• [TASK TO CARRY OUT] Exact copies of all the records below should be returned.

Stored dataset items:
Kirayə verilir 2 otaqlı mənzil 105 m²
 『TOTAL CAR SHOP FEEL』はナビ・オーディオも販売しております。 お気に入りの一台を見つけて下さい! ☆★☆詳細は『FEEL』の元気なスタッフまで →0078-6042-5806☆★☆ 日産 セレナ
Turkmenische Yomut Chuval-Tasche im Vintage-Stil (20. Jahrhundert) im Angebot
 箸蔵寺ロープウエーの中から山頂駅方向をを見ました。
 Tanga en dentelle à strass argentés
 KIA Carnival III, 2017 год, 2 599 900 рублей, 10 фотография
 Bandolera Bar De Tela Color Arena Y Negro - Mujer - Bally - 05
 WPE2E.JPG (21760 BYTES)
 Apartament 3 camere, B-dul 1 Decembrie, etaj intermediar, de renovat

• [RESULT BELOW]
Kirayə verilir 2 otaqlı mənzil 105 m²
 『TOTAL CAR SHOP FEEL』はナビ・オーディオも販売しております。 お気に入りの一台を見つけて下さい! ☆★☆詳細は『FEEL』の元気なスタッフまで →0078-6042-5806☆★☆ 日産 セレナ
Turkmenische Yomut Chuval-Tasche im Vintage-Stil (20. Jahrhundert) im Angebot
 箸蔵寺ロープウエーの中から山頂駅方向をを見ました。
 Tanga en dentelle à strass argentés
 KIA Carnival III, 2017 год, 2 599 900 рублей, 10 фотография
 Bandolera Bar De Tela Color Arena Y Negro - Mujer - Bally - 05
 WPE2E.JPG (21760 BYTES)
 Apartament 3 camere, B-dul 1 Decembrie, etaj intermediar, de renovat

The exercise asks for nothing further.